§ **Exercise directions**:
When you reach the line in the data below that contains "分別為北京(首都機場/大興機場),上海,成都,西安,南京,瀋陽,長春,杭州", please start repeating lines exactly, and stop after the line that contains "2025年中國智能安防企業(yè)注冊量及重點企業(yè)分析（圖）", repeating nothing else.

(The data Opens)

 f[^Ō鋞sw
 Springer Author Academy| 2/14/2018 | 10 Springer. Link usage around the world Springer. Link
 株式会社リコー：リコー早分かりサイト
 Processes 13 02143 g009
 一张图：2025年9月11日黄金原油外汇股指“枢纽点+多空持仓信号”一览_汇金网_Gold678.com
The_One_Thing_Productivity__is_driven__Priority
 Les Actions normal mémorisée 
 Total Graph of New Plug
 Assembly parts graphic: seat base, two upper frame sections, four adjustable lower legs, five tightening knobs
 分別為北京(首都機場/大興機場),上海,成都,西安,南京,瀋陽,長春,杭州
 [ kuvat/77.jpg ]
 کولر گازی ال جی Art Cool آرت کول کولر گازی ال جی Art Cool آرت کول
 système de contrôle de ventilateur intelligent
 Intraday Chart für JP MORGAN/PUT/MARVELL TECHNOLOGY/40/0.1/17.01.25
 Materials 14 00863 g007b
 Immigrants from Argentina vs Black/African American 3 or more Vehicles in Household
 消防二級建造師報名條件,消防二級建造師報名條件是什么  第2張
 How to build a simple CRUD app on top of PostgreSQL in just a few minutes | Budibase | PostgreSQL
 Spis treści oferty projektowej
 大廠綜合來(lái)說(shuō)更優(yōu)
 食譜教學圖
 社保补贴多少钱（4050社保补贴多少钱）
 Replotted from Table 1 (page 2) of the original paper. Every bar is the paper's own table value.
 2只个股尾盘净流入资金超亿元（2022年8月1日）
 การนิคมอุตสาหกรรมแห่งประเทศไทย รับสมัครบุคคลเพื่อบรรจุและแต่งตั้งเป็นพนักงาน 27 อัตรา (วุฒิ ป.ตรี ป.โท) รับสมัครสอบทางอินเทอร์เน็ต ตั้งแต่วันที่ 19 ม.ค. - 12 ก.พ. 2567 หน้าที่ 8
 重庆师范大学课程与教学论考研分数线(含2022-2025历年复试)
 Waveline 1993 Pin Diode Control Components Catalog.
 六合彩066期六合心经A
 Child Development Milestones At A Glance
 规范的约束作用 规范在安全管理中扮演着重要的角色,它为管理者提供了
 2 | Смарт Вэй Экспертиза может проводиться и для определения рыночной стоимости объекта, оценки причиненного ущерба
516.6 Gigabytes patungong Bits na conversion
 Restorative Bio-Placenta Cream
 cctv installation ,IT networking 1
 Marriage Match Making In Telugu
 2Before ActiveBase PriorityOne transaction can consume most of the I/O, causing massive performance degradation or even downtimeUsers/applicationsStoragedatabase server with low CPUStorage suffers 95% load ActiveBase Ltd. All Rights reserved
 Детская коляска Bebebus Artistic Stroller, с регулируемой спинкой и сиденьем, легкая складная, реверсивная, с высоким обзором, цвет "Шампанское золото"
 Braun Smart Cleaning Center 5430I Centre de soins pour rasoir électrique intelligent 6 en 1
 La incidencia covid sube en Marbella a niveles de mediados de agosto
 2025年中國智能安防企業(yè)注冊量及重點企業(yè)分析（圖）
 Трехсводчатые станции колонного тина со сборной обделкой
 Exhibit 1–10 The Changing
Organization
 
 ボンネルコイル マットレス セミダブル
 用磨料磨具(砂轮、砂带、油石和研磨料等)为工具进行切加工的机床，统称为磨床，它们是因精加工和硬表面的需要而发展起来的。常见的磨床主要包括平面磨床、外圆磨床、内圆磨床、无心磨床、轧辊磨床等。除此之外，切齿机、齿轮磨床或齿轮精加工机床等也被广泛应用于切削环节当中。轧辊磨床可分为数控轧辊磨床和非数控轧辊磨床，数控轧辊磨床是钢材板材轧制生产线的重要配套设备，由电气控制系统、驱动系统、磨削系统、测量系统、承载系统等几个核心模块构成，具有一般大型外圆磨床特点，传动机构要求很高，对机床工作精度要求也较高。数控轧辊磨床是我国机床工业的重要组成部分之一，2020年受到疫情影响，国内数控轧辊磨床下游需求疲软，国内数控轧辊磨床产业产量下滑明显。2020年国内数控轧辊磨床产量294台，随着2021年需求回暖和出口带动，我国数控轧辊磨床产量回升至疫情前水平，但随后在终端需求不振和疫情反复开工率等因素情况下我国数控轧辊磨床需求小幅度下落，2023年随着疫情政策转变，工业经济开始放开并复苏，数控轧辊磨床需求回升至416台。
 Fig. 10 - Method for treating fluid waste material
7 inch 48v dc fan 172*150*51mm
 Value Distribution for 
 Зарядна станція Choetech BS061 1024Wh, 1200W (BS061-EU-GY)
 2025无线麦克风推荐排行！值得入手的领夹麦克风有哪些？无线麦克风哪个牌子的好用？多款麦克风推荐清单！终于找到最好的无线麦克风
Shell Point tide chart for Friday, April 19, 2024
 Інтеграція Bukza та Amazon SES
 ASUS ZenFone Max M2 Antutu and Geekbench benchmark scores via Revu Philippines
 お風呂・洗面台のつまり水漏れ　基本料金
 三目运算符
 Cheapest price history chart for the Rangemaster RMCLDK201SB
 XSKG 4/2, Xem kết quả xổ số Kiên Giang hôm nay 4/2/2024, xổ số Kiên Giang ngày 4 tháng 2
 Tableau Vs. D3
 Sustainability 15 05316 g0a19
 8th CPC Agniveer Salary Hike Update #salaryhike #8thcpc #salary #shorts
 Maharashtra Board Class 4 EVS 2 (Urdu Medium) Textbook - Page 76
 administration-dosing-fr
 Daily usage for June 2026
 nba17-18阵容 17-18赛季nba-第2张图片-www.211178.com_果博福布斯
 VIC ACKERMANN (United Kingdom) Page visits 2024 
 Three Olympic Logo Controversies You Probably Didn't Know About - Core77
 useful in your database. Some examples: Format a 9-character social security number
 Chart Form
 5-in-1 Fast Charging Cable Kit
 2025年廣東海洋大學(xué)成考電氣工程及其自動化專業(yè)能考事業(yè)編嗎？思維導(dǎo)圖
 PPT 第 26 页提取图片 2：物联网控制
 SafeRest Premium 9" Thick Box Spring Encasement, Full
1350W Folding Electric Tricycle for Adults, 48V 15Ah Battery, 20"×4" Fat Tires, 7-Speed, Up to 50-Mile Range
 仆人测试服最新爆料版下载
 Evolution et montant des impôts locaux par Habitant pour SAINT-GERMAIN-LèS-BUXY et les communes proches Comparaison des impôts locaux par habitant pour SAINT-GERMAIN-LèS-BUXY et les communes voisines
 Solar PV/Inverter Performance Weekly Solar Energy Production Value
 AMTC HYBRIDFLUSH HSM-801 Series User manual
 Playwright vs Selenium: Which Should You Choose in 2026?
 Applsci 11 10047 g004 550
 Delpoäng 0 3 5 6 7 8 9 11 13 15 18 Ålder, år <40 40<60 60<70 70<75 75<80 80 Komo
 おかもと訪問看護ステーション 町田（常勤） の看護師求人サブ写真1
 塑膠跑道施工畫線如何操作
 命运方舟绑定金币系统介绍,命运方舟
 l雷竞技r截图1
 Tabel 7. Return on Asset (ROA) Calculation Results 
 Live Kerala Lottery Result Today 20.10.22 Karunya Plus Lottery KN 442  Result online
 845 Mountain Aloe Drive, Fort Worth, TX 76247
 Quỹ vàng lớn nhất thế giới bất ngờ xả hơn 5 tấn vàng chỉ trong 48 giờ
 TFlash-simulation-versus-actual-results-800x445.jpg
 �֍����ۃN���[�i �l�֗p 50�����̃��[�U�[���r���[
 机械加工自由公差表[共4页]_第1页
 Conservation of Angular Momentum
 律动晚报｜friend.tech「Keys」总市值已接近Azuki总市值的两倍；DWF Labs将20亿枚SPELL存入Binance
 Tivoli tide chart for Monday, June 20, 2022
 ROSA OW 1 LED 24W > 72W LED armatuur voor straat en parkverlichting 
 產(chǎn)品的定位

(The data Closes)

§ **Solution to this problem**:
 分別為北京(首都機場/大興機場),上海,成都,西安,南京,瀋陽,長春,杭州
 [ kuvat/77.jpg ]
 کولر گازی ال جی Art Cool آرت کول کولر گازی ال جی Art Cool آرت کول
 système de contrôle de ventilateur intelligent
 Intraday Chart für JP MORGAN/PUT/MARVELL TECHNOLOGY/40/0.1/17.01.25
 Materials 14 00863 g007b
 Immigrants from Argentina vs Black/African American 3 or more Vehicles in Household
 消防二級建造師報名條件,消防二級建造師報名條件是什么  第2張
 How to build a simple CRUD app on top of PostgreSQL in just a few minutes | Budibase | PostgreSQL
 Spis treści oferty projektowej
 大廠綜合來(lái)說(shuō)更優(yōu)
 食譜教學圖
 社保补贴多少钱（4050社保补贴多少钱）
 Replotted from Table 1 (page 2) of the original paper. Every bar is the paper's own table value.
 2只个股尾盘净流入资金超亿元（2022年8月1日）
 การนิคมอุตสาหกรรมแห่งประเทศไทย รับสมัครบุคคลเพื่อบรรจุและแต่งตั้งเป็นพนักงาน 27 อัตรา (วุฒิ ป.ตรี ป.โท) รับสมัครสอบทางอินเทอร์เน็ต ตั้งแต่วันที่ 19 ม.ค. - 12 ก.พ. 2567 หน้าที่ 8
 重庆师范大学课程与教学论考研分数线(含2022-2025历年复试)
 Waveline 1993 Pin Diode Control Components Catalog.
 六合彩066期六合心经A
 Child Development Milestones At A Glance
 规范的约束作用 规范在安全管理中扮演着重要的角色,它为管理者提供了
 2 | Смарт Вэй Экспертиза может проводиться и для определения рыночной стоимости объекта, оценки причиненного ущерба
516.6 Gigabytes patungong Bits na conversion
 Restorative Bio-Placenta Cream
 cctv installation ,IT networking 1
 Marriage Match Making In Telugu
 2Before ActiveBase PriorityOne transaction can consume most of the I/O, causing massive performance degradation or even downtimeUsers/applicationsStoragedatabase server with low CPUStorage suffers 95% load ActiveBase Ltd. All Rights reserved
 Детская коляска Bebebus Artistic Stroller, с регулируемой спинкой и сиденьем, легкая складная, реверсивная, с высоким обзором, цвет "Шампанское золото"
 Braun Smart Cleaning Center 5430I Centre de soins pour rasoir électrique intelligent 6 en 1
 La incidencia covid sube en Marbella a niveles de mediados de agosto
 2025年中國智能安防企業(yè)注冊量及重點企業(yè)分析（圖）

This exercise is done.